● The problem: Retype exactly what appears below from the line containing "MA license plate 144MG5" down to the line containing "Gold Angel Wings", keeping both end lines. Do not include pictures.

● Supplied material:
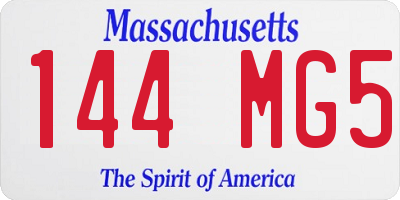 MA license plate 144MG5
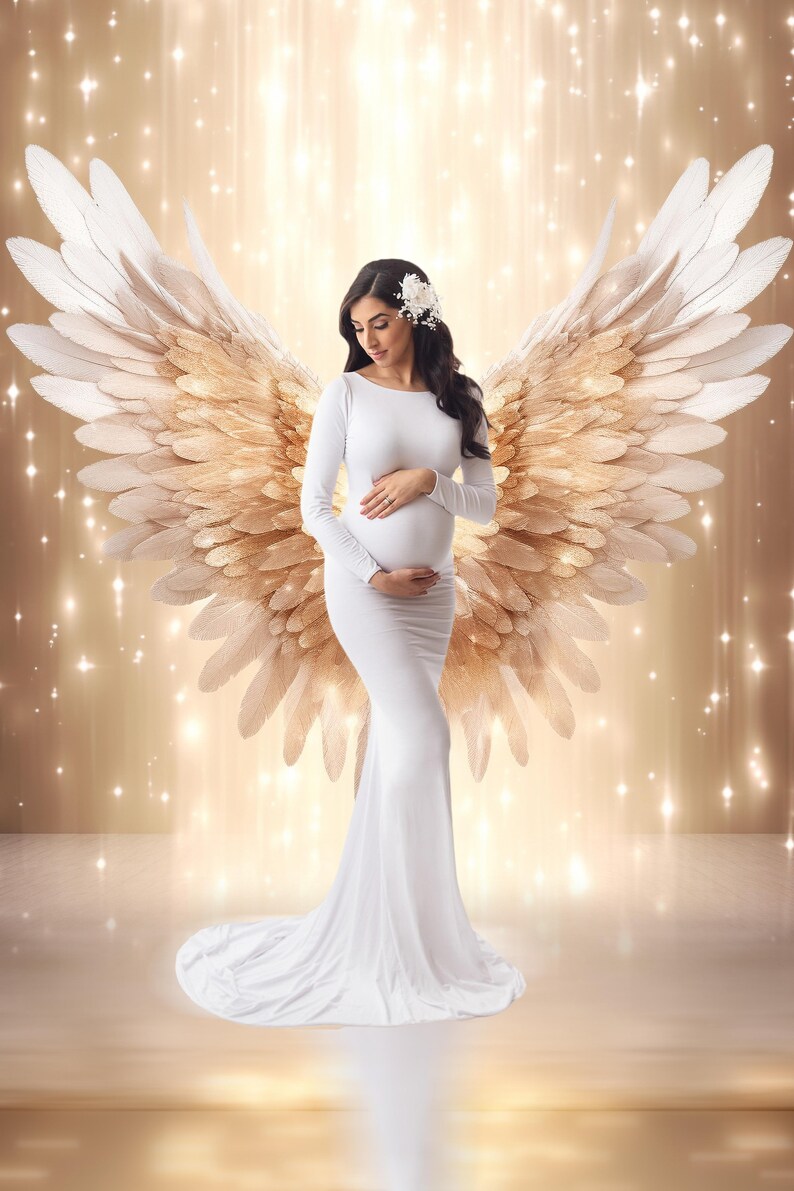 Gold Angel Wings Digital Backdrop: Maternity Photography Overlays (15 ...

* * *

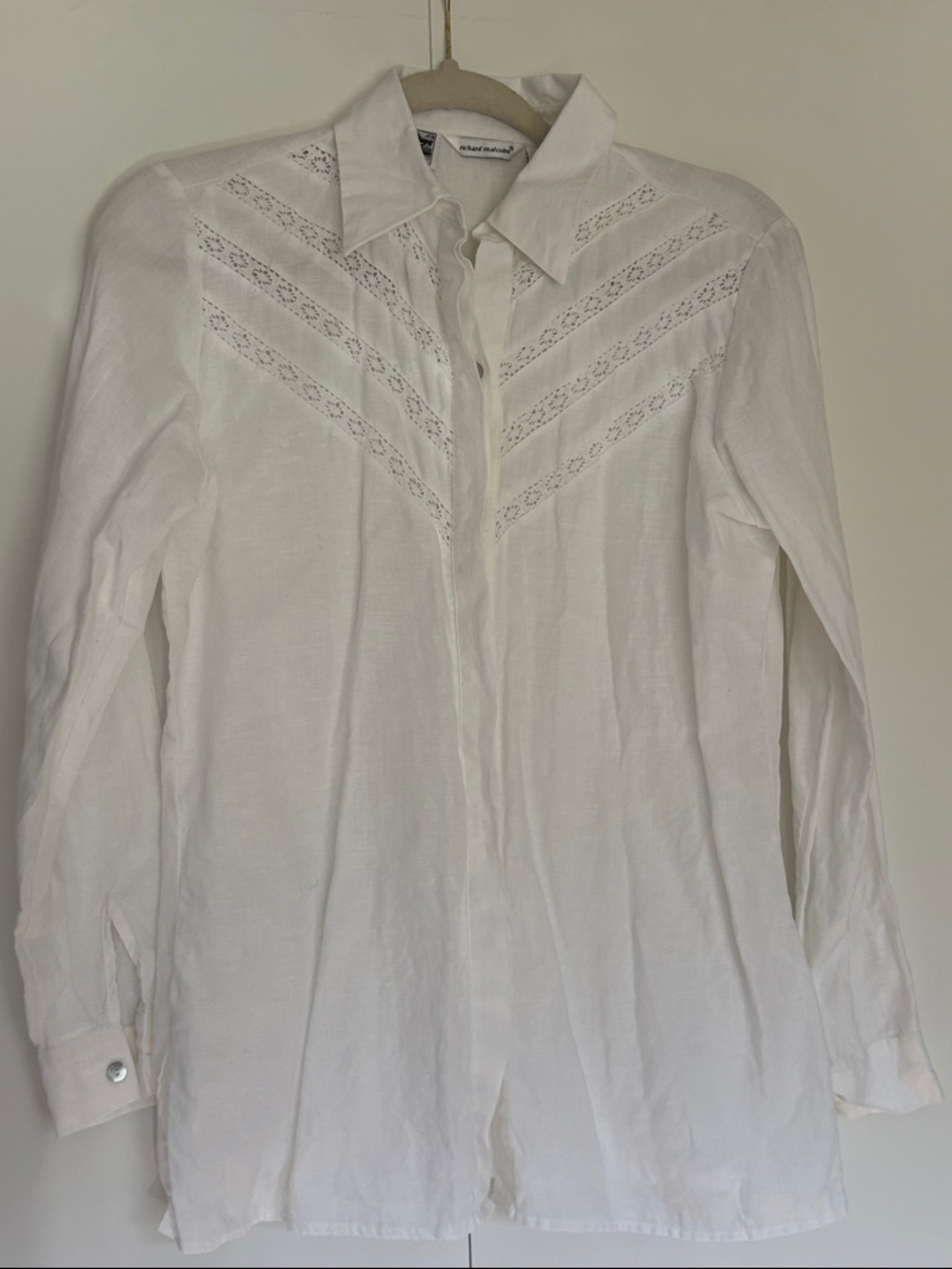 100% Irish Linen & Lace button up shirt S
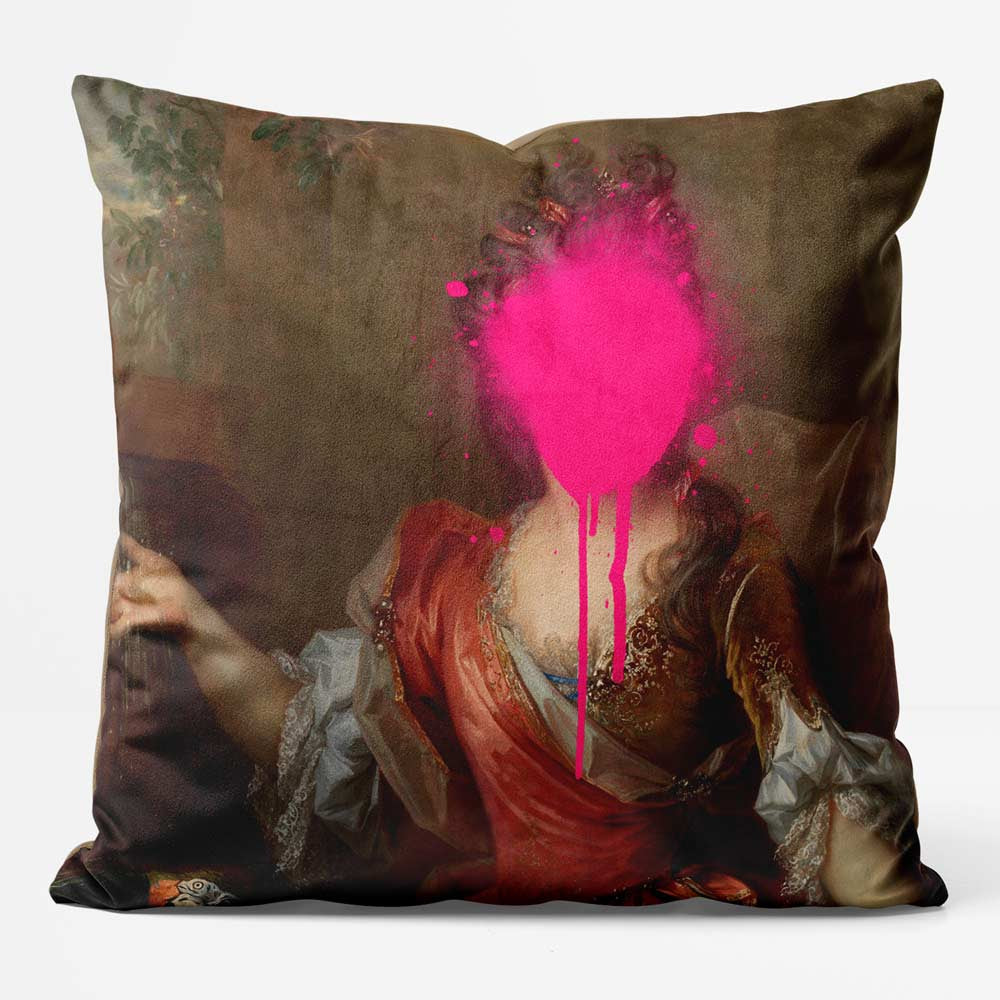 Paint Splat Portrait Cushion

==

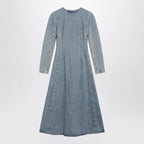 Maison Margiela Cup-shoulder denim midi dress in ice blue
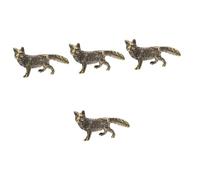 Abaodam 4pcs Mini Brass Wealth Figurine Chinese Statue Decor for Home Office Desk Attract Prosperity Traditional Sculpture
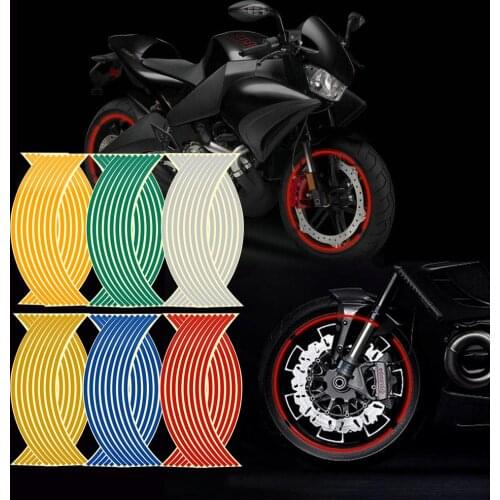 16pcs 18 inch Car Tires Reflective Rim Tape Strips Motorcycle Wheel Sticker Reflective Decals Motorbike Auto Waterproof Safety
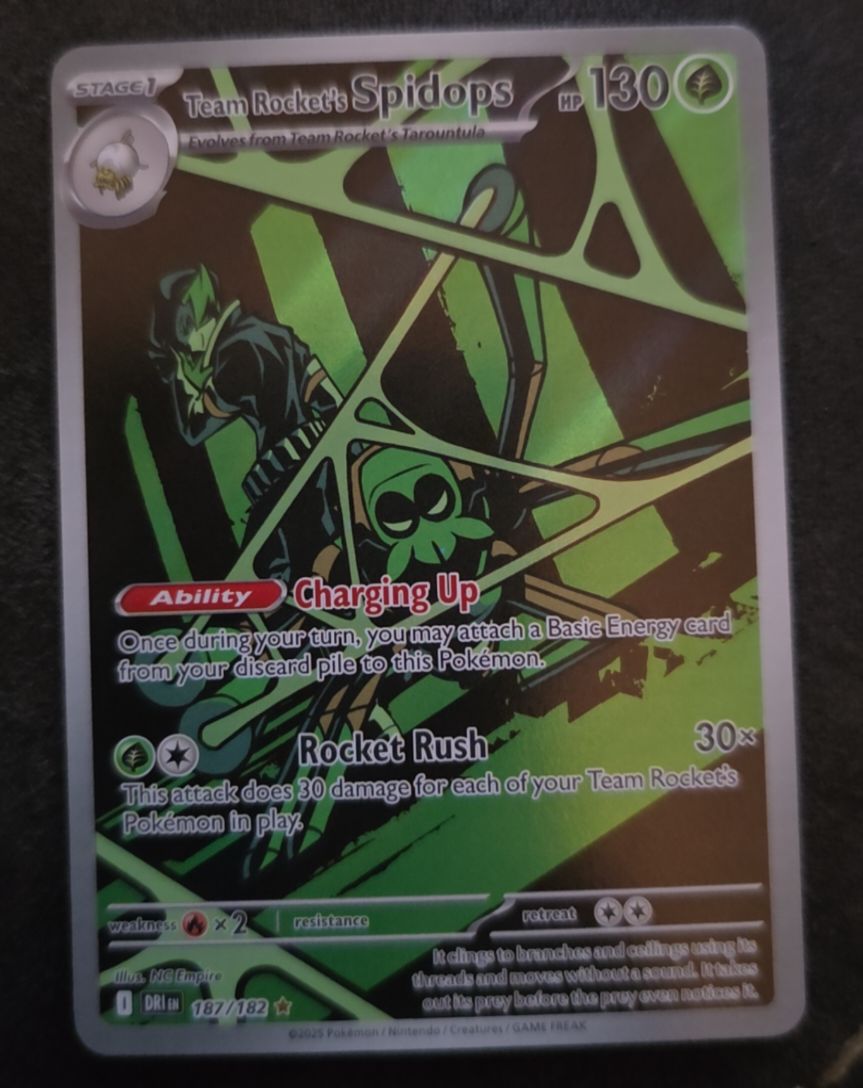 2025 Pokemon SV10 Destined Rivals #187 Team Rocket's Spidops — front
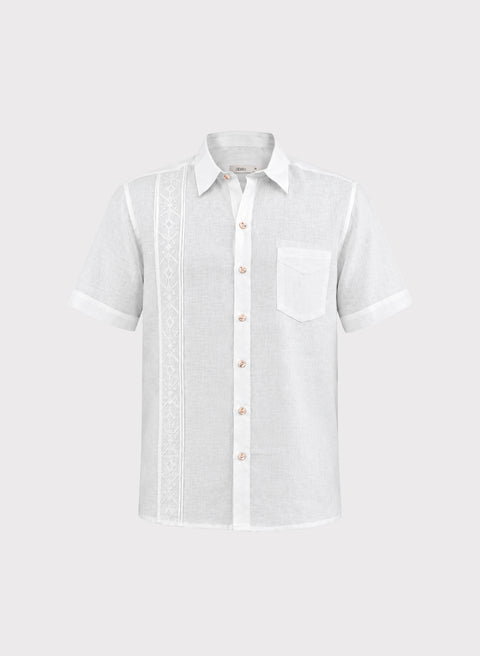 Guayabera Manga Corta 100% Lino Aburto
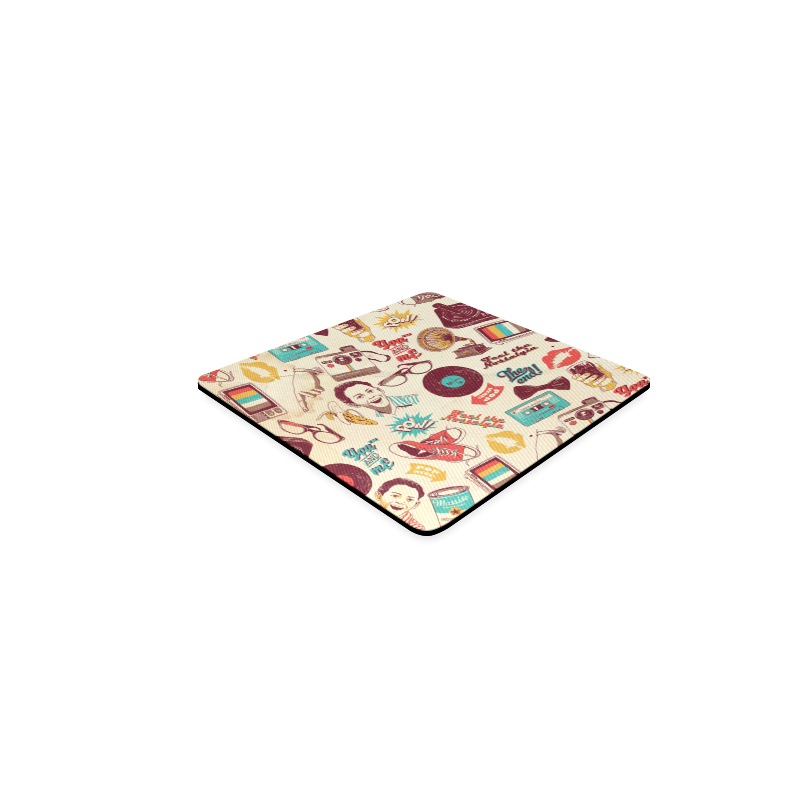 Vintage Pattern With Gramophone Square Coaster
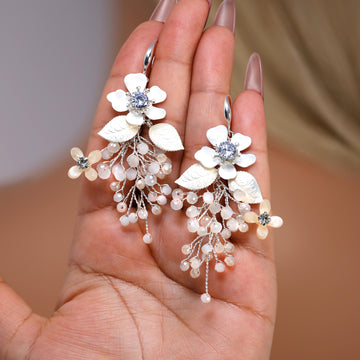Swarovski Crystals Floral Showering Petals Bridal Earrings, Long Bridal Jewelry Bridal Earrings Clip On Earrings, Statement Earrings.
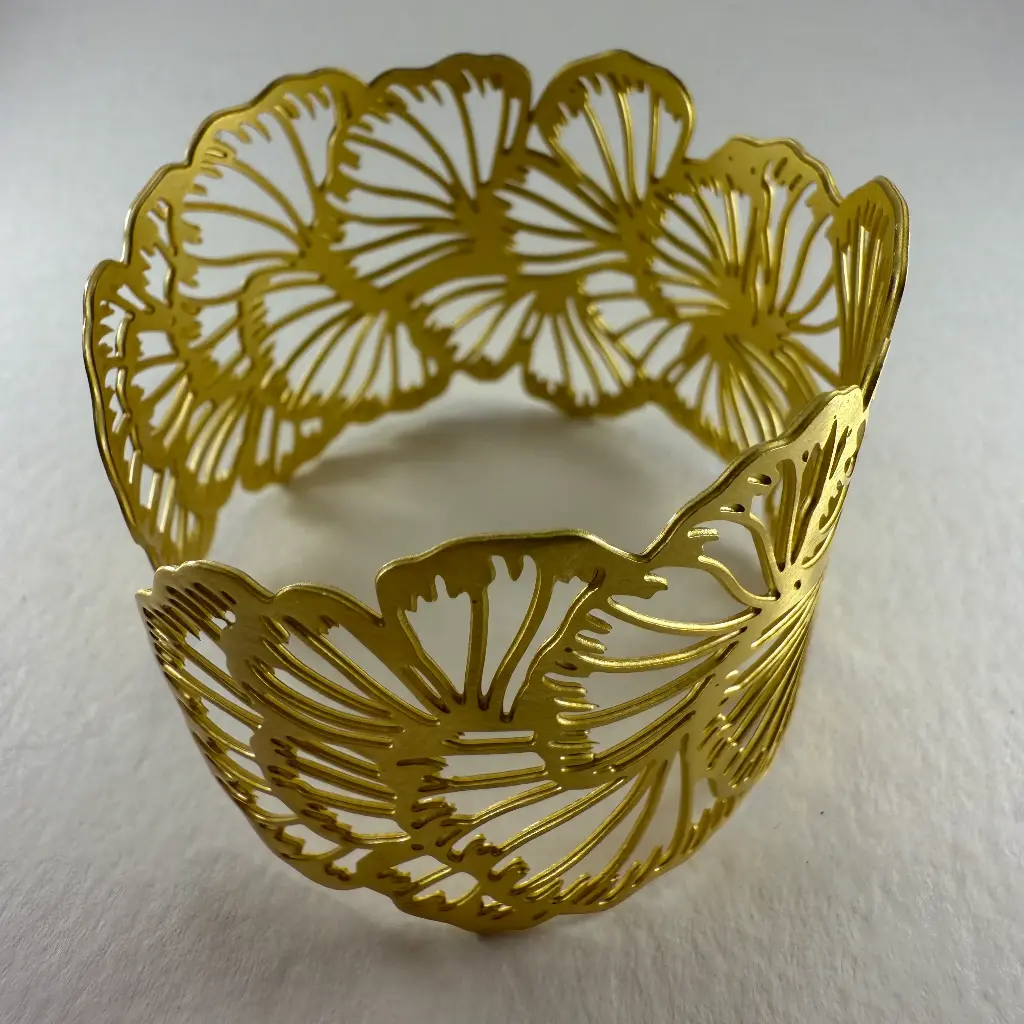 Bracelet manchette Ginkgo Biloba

● Written response:
 MA license plate 144MG5
 Gold Angel Wings Digital Backdrop: Maternity Photography Overlays (15 ...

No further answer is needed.